[THE INPUT]
►

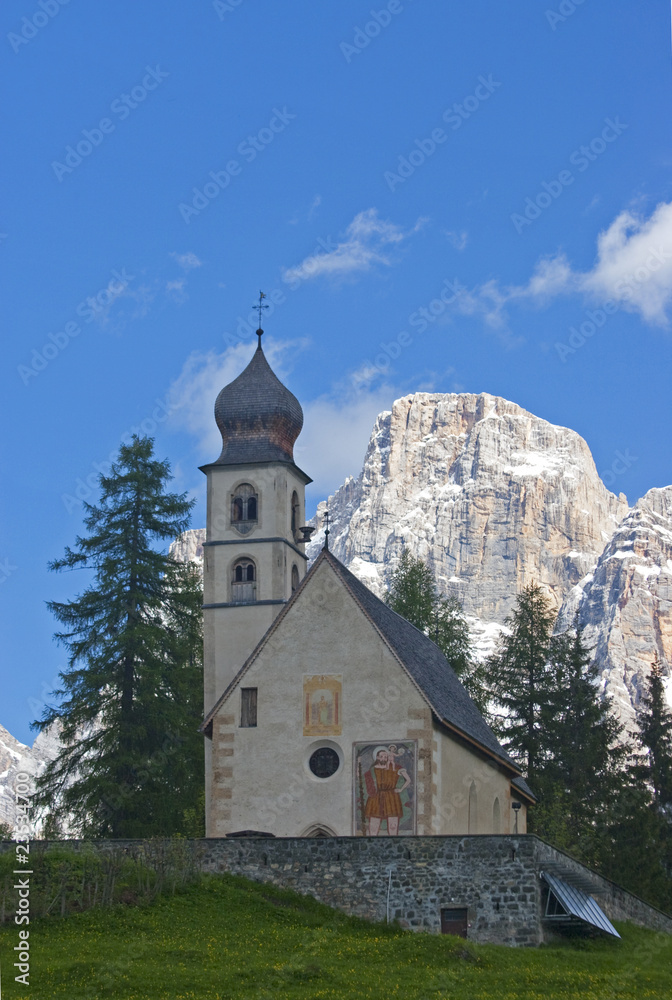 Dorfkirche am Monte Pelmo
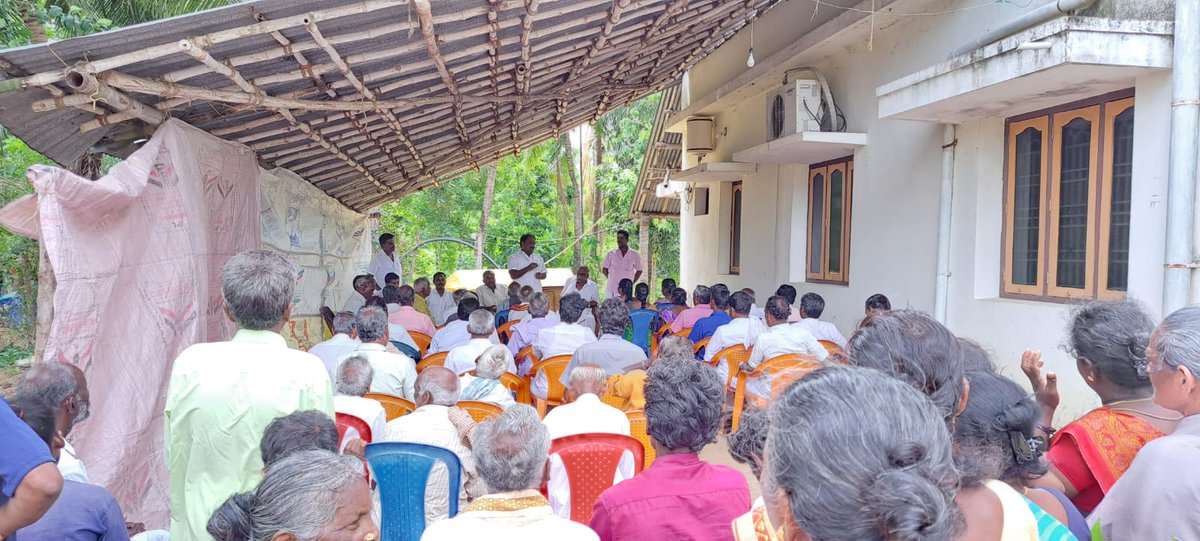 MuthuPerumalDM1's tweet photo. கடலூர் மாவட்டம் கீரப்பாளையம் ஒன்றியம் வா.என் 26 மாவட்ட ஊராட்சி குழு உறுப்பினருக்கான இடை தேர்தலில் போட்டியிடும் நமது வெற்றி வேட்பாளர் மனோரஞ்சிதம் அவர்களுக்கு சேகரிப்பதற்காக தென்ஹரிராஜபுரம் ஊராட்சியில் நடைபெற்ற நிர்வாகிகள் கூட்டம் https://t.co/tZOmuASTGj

◄
►

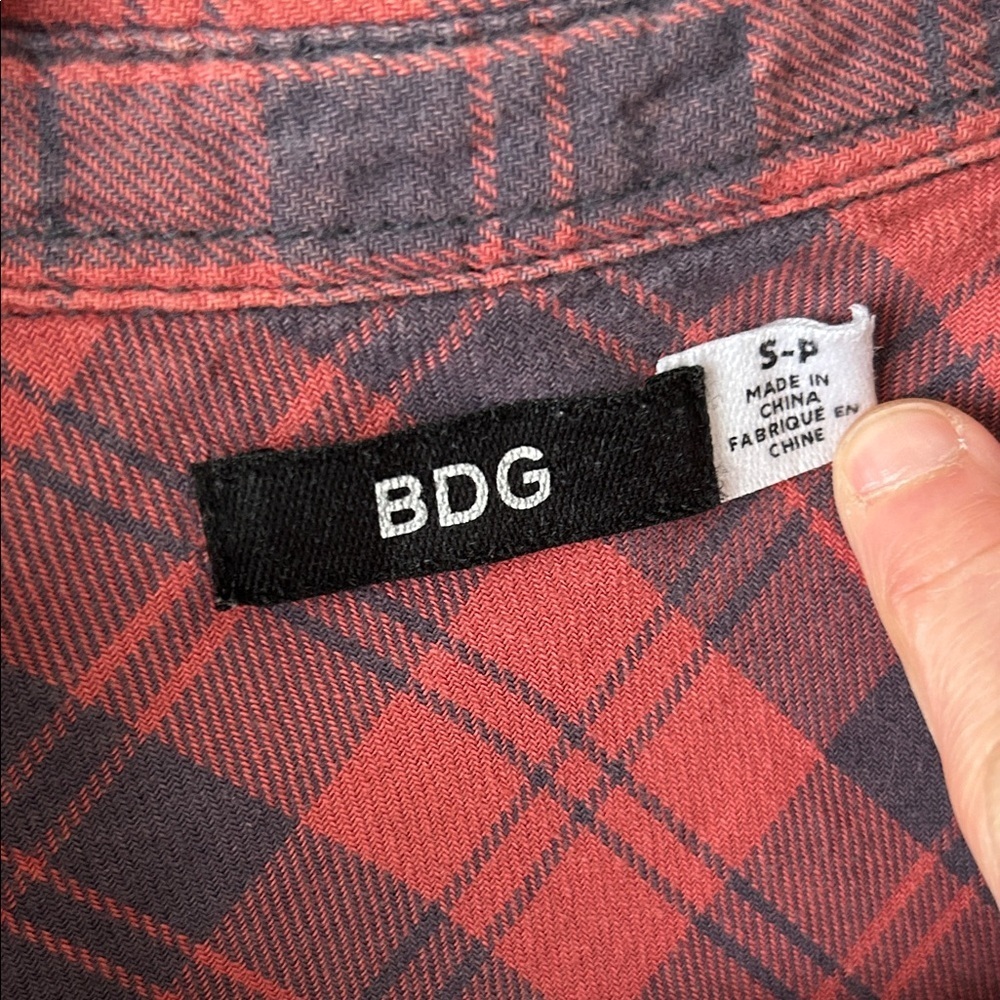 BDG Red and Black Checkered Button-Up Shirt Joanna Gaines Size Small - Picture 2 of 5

◄
►

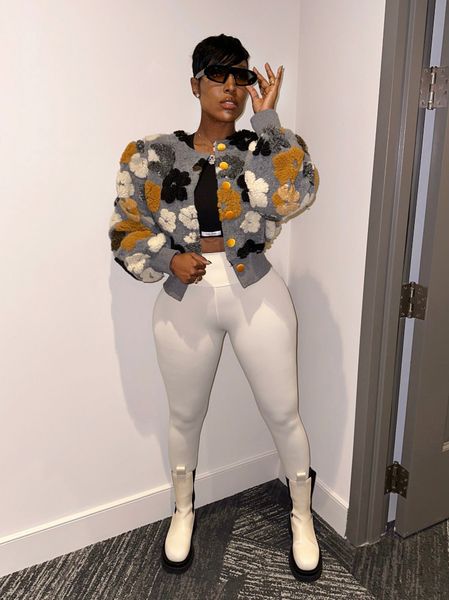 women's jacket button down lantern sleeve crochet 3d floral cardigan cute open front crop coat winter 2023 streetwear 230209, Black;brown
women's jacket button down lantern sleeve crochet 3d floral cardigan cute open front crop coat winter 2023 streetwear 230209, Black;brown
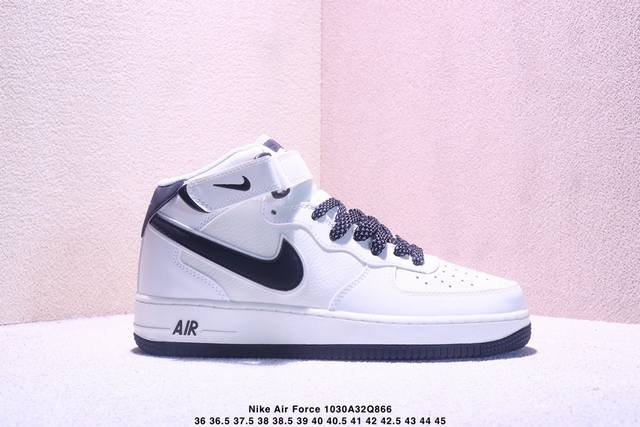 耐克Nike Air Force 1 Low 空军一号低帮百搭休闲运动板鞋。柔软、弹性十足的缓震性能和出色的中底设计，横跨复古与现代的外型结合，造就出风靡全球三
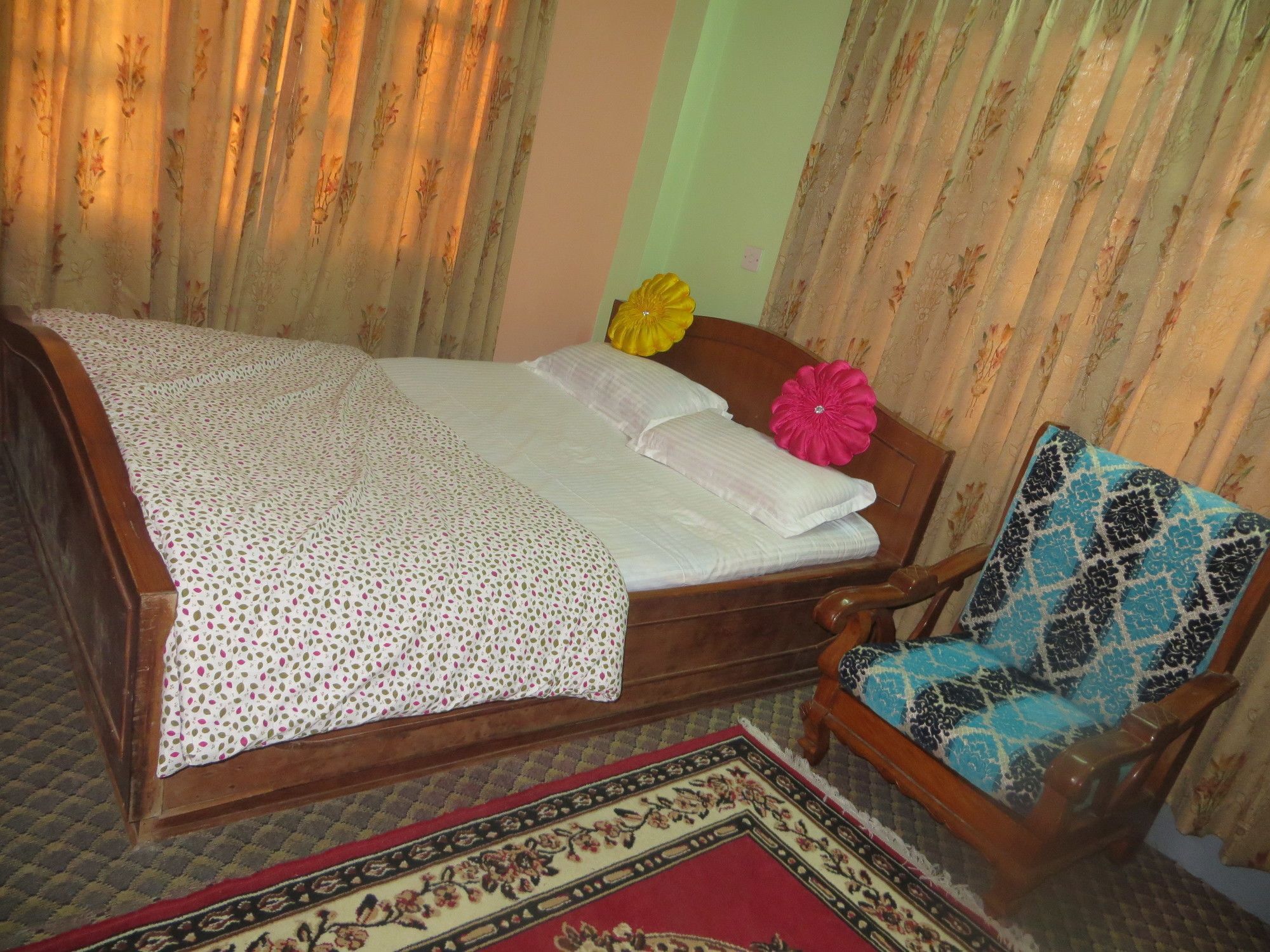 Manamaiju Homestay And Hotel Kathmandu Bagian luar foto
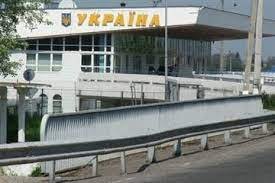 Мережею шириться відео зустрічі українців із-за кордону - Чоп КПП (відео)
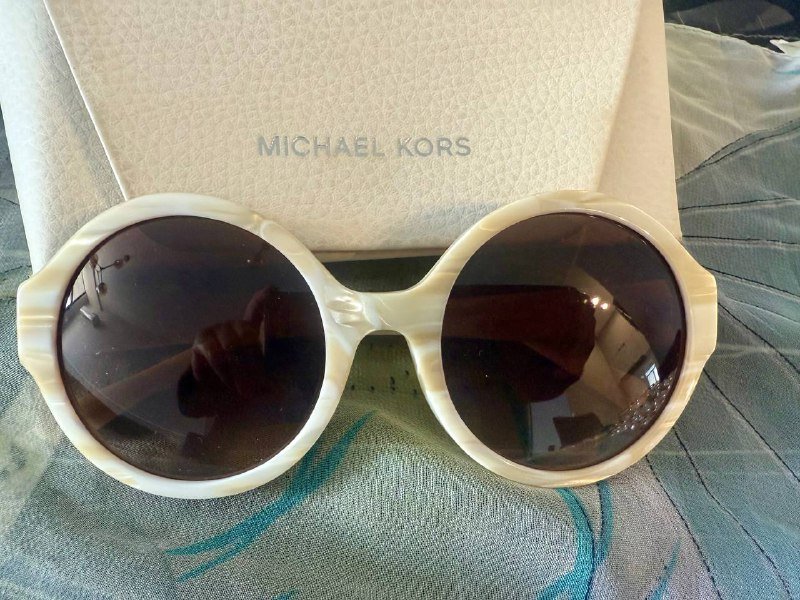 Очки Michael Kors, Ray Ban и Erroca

◄

[EXERCISE DETAILS]
All that is wanted is the lines above between the one containing "Manamaiju Homestay And" and the one containing "Очки Michael Kors, Ray Ban и Erroca", inclusive, restated word for word, with pictures omitted.

[TASK RESULT]
 Manamaiju Homestay And Hotel Kathmandu Bagian luar foto
 Мережею шириться відео зустрічі українців із-за кордону - Чоп КПП (відео)
 Очки Michael Kors, Ray Ban и Erroca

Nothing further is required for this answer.